The operation of the circuit of FIG. 9 will now be described in detail. When set/reset flip-flop 46 of clock control circuit 10 is set, by the CSET signal shown in FIG. 10, then the resultant H level output from flip-flop 46 is written into the initial stage flip-flop 36. When this occurs, the output signal from flip-flop 36 acts to reset flip-flop 46. Thus, after the CSET signal has been output, then on each falling edge of clock signal Cφ output pulses at the high (H) logic level are successively produced from the shift register stages 36, 38, . . . 40. As shown in FIG. 10, the master outputs and slave outputs CQ'1, CQ1, CQ2', CQ2 from shift register stages 36, 38, . . . 40 comprise a pulse train in which successive pulses mutually overlap by an amount equal to one half-period of clock signal Cφ. The first-stage slave output CQ1 controls selection circuit 28 of the first shift register group 22. The second-stage master output CQ'2 controls selection circuit 30 of the second shift register group 24. The seventh stage slave output CQ7 controls selection circuit 34 of the 13th shift register group 27.
As control signals CQ1, CQ2', . . . CQ7 go to the H level, selection circuits 28, 30, . . . 34 respectively supply signal φH to the corresponding shift register groups. Conversely, these selection circuits supply signal φL to corresponding shift register groups when selection control signals CQ1, CQ'2, . . . CQ7 go to the L level. When set/reset flip-flop 48 is set by signal SSET, then initial data is input to the first shift register group 22 in the same was as set-reset flip-flop 46 applies initial data within clock control circuit 10, as described above.

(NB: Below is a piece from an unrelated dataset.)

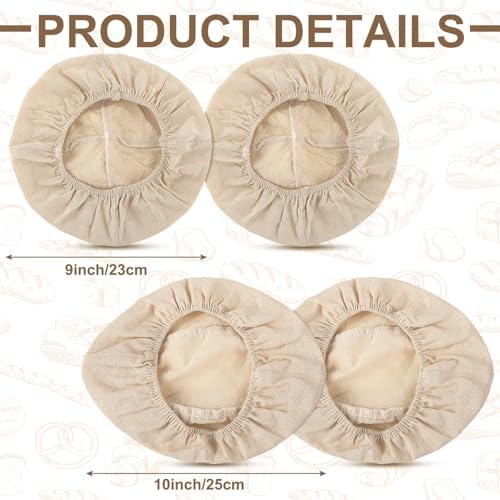 Tatuo Banneton Liners, 6 Pack, 10" Oval, 9" Round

As will be clear from FIG. 10, when the SSET signal goes to the H level, then since signal CQ1 has already gone to the H level, selection data is transferred to first shift register 22 by clock signal φH. When the selection data has been transferred to the final stage of first shift register 22, then when signal Y16 has gone to the H level, since both CQ1 and CQ'2 are at the H level, clock signal φH will be applied simultaneously to both the first shift register 22 and second shift register 24. In this way, selection data is reliably transferred from the first shift register 22 to the second shift register 24. In the same way, selection data is transferred reliably between the remaining shift registers 24, 26, . . . 27 by the action of clock signal φH. The shift registers which are not currently being supplied with first clock signal φH are supplied with second clock signal φL, as a low-frequency refresh signal. This ensures a sufficiently long data holding time for these shift registers. The selection pulses output on lines Y1, Y2, . . . Y208 from shift registers 22, 24, . . . 27 control the switching transistors 12,14, . . . 16 shown in FIG. 1.
In this embodiment the column electrode drive circuit is divided into 13 sets of shift register stages. However in general, the circuit configuration can comprise any suitable number, i.e. n groups of stages, where n is selected based on considerations of power consumption and circuit arrangement.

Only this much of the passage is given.